First, an important note should be made: though they may seem so, these recommendations are not motivated by purely budgetary reasoning, nor for the sake of ‘popular reprisal’ against a seemingly ineffective legislative body.
Current legislation dictating the pay and benefits owed to members of the Congress should be altered. The following are two simple suggestions to begin that process, following from the idea that pay and benefits for federal legislators should be tied directly to the fiscal wellbeing of citizens and residents of the United States. In accordance with this general idea, such legal revisions would be ideally conceived so that after implementation the Congress could not directly make alterations to them (but would be required to follow, for example, a process similar to – if not the same as – the process necessary for passing or repealing a constitutional amendment).
1) Concerning annual salaries:
The annual salaries for members of Congress will be directly based on the national average of individual salaries in the United States as determined by the Bureau of the Census. Accordingly, the salary of federal legislators will fluctuate with regular reevaluation by the Census.
A thoroughly fair number seems to be double. In other words, members of Congress will be paid an annual salary that is double the salary of the average American.
To put this into perspective, according to the U.S. Census Bureau’s ‘quick facts’ reference page (quick facts), using data from the 2010 census, the 12-month per capita money income in our country was just $27,334.

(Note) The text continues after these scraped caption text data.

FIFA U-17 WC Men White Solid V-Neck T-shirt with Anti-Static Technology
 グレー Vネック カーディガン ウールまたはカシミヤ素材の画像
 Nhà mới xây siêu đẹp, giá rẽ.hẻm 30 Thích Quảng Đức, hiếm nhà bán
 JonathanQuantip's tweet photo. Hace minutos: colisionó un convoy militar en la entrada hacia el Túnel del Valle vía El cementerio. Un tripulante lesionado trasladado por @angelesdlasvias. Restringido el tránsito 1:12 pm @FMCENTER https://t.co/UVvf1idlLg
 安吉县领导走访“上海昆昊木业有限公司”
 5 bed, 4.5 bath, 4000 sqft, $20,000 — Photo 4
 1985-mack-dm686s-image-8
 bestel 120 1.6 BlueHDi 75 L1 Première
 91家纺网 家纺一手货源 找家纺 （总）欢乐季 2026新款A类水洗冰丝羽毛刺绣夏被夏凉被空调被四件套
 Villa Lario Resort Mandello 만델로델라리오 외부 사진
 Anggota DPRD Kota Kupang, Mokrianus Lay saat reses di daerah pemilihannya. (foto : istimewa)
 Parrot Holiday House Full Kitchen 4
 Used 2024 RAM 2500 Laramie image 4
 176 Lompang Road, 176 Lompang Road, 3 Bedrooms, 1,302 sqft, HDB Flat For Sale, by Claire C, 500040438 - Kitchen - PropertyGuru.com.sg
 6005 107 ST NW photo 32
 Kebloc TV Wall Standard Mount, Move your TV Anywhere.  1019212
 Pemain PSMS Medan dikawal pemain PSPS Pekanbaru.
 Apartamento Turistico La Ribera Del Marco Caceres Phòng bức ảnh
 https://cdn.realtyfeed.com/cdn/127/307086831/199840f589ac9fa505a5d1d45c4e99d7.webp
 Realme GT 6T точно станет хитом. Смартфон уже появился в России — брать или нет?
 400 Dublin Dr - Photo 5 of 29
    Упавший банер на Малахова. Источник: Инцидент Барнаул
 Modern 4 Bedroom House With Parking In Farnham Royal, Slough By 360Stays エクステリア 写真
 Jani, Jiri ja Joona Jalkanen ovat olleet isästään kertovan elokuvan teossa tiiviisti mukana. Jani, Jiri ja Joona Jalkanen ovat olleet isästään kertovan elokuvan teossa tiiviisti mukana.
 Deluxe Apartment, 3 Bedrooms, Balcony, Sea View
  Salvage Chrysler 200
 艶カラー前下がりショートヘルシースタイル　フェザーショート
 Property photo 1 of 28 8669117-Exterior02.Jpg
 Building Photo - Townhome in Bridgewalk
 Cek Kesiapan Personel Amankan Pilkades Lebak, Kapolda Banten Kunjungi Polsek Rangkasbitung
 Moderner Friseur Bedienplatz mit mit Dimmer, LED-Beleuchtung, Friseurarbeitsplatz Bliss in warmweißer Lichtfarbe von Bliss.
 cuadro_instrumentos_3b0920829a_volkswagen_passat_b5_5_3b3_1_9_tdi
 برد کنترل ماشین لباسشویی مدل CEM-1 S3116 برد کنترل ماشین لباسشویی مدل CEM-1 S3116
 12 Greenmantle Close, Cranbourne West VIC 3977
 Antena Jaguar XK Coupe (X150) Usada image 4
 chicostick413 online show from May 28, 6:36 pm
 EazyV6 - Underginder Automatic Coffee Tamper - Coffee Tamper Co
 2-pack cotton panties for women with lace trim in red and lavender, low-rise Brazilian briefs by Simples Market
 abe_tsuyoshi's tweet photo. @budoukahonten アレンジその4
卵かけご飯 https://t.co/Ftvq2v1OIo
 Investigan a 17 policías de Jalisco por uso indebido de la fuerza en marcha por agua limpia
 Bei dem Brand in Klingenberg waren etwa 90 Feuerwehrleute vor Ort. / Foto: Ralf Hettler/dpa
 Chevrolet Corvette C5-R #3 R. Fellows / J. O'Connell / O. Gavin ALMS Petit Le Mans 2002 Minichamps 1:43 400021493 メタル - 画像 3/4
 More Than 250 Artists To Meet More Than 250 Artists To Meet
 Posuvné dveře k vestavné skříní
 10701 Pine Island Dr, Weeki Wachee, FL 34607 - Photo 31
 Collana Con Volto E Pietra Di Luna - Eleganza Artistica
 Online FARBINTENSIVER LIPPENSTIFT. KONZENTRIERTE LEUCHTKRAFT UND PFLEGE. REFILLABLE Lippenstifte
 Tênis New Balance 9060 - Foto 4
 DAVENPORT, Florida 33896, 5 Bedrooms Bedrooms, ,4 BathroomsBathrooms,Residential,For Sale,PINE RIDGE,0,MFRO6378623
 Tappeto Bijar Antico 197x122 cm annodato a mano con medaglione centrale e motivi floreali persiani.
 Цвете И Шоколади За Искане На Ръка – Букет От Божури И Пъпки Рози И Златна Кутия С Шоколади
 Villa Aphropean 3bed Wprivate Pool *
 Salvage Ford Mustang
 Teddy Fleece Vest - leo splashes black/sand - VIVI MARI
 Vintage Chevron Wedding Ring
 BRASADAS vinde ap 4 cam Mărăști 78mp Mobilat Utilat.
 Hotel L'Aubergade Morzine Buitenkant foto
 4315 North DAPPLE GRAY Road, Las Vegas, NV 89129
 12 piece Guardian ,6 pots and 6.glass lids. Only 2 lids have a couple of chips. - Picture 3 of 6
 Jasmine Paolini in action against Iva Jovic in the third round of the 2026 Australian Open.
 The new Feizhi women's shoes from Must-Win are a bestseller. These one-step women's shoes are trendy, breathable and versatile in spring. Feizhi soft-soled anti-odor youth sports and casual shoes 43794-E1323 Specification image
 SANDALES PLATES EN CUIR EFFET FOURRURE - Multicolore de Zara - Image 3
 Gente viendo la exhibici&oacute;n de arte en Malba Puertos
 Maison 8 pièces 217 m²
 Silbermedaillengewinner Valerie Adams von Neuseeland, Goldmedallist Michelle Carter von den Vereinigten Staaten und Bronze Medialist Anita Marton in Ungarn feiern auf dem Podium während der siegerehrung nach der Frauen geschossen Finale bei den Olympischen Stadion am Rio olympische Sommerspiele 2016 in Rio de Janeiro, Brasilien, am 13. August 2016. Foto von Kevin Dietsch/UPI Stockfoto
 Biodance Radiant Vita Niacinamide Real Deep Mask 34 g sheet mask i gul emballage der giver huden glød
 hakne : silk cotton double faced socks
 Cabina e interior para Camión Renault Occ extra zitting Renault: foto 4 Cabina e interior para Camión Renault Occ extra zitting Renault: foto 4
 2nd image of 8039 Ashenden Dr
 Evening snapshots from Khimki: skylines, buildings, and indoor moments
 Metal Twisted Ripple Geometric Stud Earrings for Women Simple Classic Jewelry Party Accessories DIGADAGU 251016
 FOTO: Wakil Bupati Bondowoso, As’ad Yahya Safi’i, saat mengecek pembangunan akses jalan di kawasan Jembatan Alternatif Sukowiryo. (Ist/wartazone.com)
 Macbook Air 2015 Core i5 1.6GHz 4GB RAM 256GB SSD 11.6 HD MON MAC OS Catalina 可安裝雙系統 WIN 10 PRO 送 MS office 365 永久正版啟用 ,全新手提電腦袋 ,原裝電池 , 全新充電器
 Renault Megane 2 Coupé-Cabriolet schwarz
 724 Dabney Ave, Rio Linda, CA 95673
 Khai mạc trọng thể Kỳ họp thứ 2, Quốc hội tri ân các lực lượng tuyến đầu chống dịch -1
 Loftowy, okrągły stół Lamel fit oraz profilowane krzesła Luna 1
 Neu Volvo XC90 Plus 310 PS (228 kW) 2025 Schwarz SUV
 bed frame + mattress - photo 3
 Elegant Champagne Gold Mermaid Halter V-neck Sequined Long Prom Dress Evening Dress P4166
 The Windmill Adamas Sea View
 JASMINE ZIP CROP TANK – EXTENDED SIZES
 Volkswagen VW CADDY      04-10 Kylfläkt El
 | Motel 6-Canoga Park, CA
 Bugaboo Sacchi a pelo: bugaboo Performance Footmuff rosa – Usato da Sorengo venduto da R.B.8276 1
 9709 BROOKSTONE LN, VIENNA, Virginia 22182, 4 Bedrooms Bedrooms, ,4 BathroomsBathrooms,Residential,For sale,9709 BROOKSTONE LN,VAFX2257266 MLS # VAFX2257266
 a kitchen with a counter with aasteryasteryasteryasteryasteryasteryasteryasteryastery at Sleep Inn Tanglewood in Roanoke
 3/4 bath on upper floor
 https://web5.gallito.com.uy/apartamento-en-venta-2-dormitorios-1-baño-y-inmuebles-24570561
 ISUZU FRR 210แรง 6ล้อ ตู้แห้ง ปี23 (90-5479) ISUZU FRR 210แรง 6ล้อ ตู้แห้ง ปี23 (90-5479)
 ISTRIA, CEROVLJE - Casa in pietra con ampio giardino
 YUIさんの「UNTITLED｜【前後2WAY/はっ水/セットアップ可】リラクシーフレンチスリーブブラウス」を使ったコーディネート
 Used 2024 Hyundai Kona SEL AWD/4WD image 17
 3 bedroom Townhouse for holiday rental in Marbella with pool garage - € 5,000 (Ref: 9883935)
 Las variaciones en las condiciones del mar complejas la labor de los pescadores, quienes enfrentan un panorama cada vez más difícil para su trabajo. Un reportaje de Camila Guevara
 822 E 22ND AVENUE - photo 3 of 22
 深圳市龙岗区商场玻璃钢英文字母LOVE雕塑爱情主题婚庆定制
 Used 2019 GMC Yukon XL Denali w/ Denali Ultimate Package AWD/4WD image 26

In other words, at present, rather than the standard annual salary of $174,000 (or, higher for legislators in leadership positions), all members of Congress, regardless of position, will be welcome to an annual salary of $54,668.
2) Concerning retirement pension:
Congressional pensions will be limited to 5 years at half salary upon honorable completion of service (meaning, completion of the entire duration of an elected term), with 1 additional year of pension benefits added for each term served after the first. There will be no vesting period.
In other words (again following the 2010 census data): a Representative who serves only 1 term (2 years) will have made a salary of $109,336. Then, over the next 5 years, that representative will earn an additional $136,670.
This is not meant to show ingratitude to our Congressmen and Congresswomen. Nearly a quarter million dollars in seven years is a very generous income, especially as a supplement if one then moves on to take another job.
At present (at least for those who entered Congress after January, 1987), congressional pensions are structured under the Federal Employees Retirement System. An individual is vested after 5 years of service, and can then receive a full pension after a) serving 25 years; b) turning 62; c) turning 50 and also having 20 years of service.
The primary concern here is to remove members of Congress from being considered as ‘normal’ federal employees in regards retirement. Given the structuring of the current system, members of Congress have a financial incentive to do everything they can to remain in office from 5 to 25 years. In other words, members of Congress currently have a financial incentive to do and say whatever they think will get them reelected. There is great potential in this set-up for members of Congress to act in ways that serve their own interests before that of their constituencies; to appear effective rather than actually being effective.
This is not to say that a person who wishes to run for multiple terms cannot be devoted to his or her constituency. And, certainly, members of Congress should be allowed to serve as many terms as their constituency wishes to elect them.
To close: our elected officials should be well treated, but service in the legislature should not be a route to riches (at the present rate of pay, a Senator who serves a full term of six years will make over one million dollars). An annual salary that is double the average income in this country should be more than ample to live on if well managed. And, if a member of Congress cannot effectively create and follow a personal budget, then we may have cause for concern regarding capacity to legislate for an entire nature. In any event, service is said to be an honor in and of itself and so, in theory, should be more than an ample reward.